Short web captions:

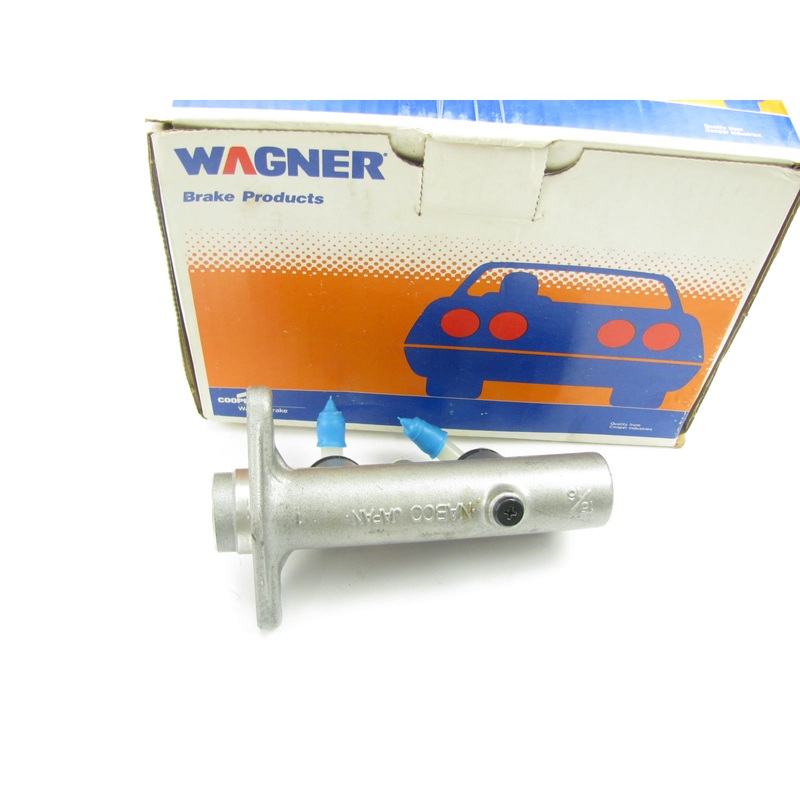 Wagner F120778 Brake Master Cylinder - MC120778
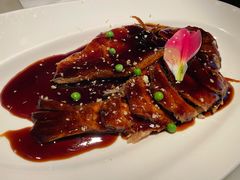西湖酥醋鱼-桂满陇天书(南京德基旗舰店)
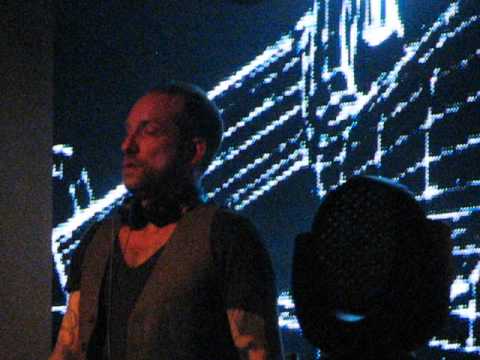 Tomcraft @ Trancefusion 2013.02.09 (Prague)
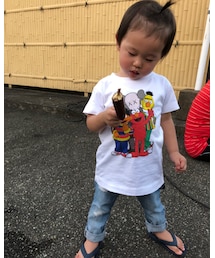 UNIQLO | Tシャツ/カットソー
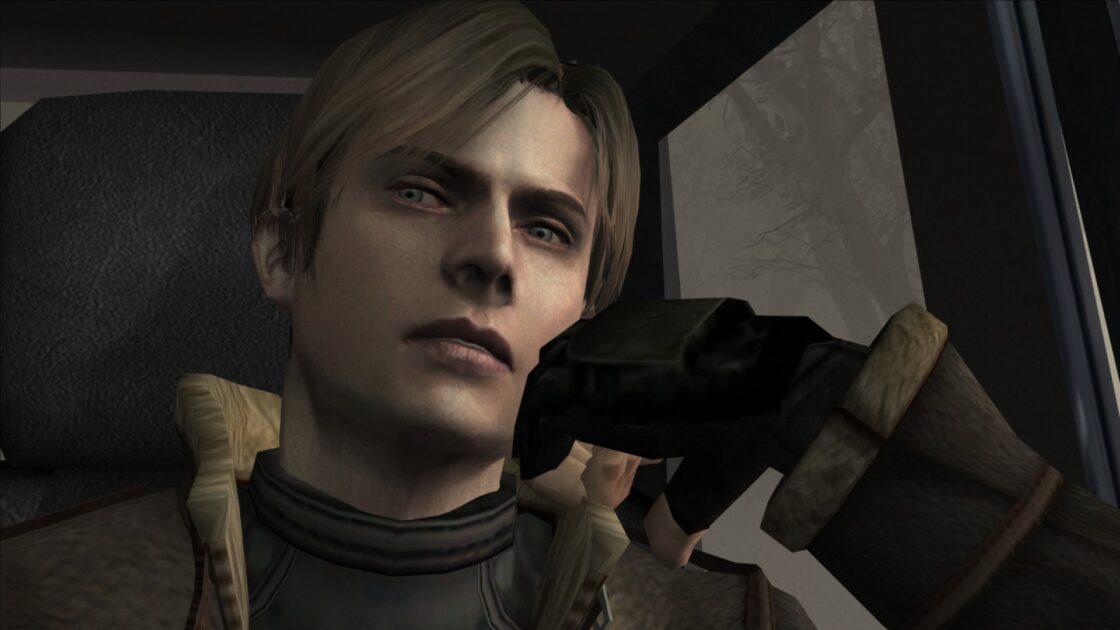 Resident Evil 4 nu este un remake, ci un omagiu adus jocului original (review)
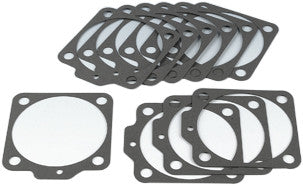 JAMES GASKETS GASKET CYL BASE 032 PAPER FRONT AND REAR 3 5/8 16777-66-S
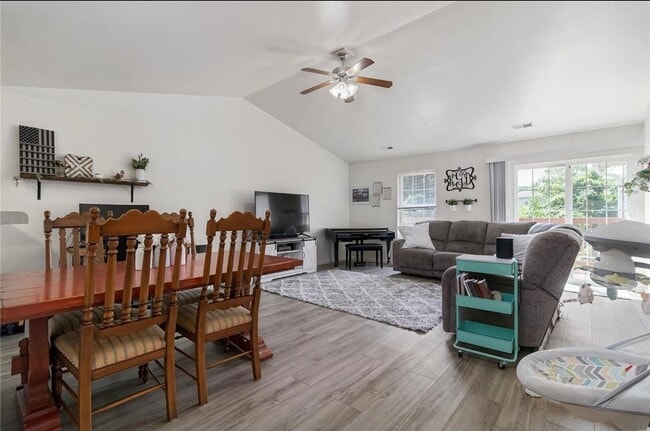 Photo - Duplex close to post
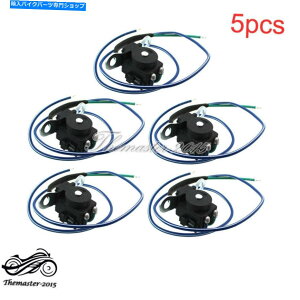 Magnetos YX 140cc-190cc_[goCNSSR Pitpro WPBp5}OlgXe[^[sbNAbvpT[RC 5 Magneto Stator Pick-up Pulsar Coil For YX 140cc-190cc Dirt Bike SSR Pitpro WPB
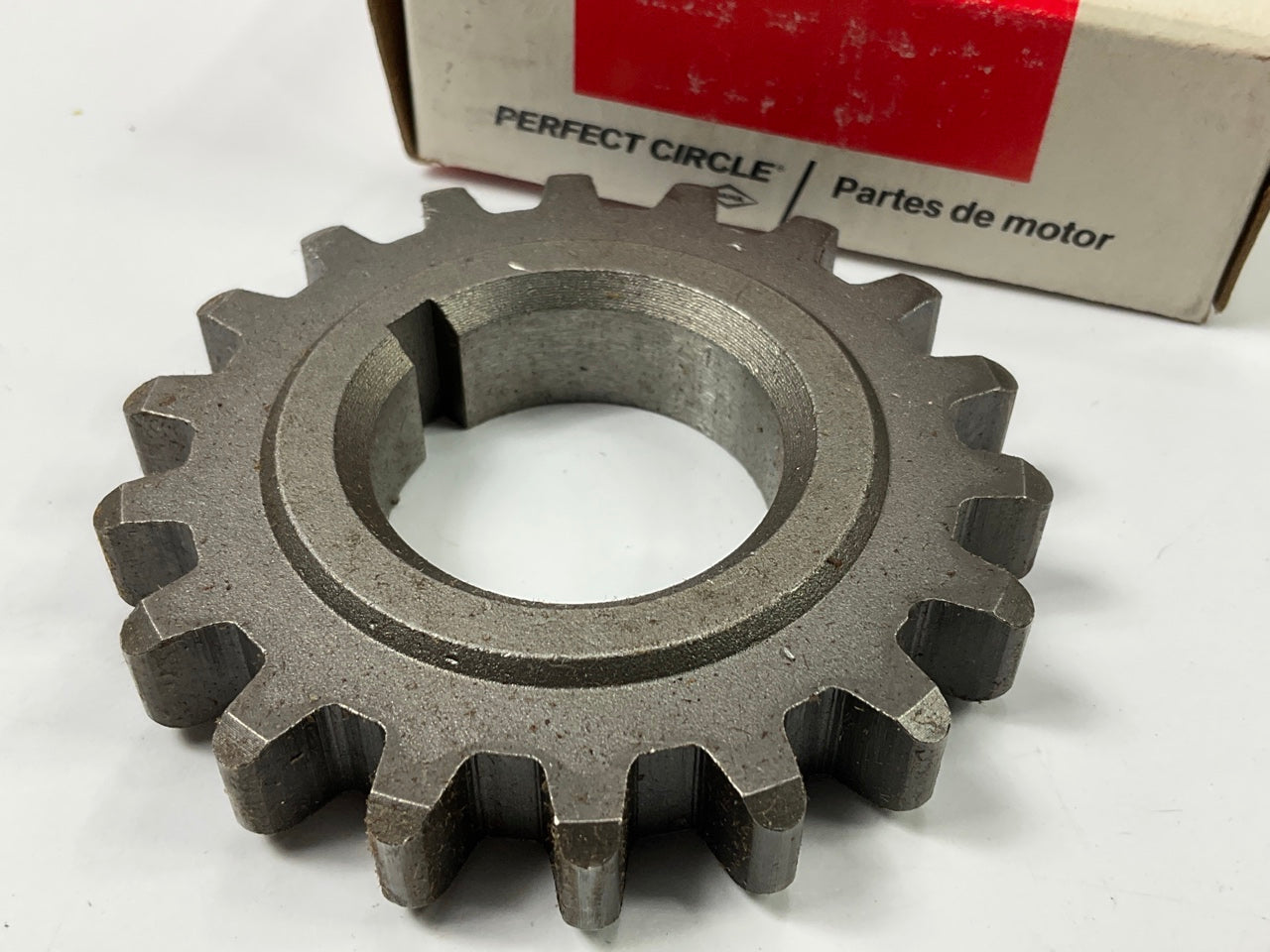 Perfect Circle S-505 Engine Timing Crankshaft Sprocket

*Activity*:
Above are the records; copy every one of them exactly and omit the images.

*The completed task*:
 Wagner F120778 Brake Master Cylinder - MC120778
西湖酥醋鱼-桂满陇天书(南京德基旗舰店)
 Tomcraft @ Trancefusion 2013.02.09 (Prague)
 UNIQLO | Tシャツ/カットソー
 Resident Evil 4 nu este un remake, ci un omagiu adus jocului original (review)
 JAMES GASKETS GASKET CYL BASE 032 PAPER FRONT AND REAR 3 5/8 16777-66-S
 Photo - Duplex close to post
 Magnetos YX 140cc-190cc_[goCNSSR Pitpro WPBp5}OlgXe[^[sbNAbvpT[RC 5 Magneto Stator Pick-up Pulsar Coil For YX 140cc-190cc Dirt Bike SSR Pitpro WPB
 Perfect Circle S-505 Engine Timing Crankshaft Sprocket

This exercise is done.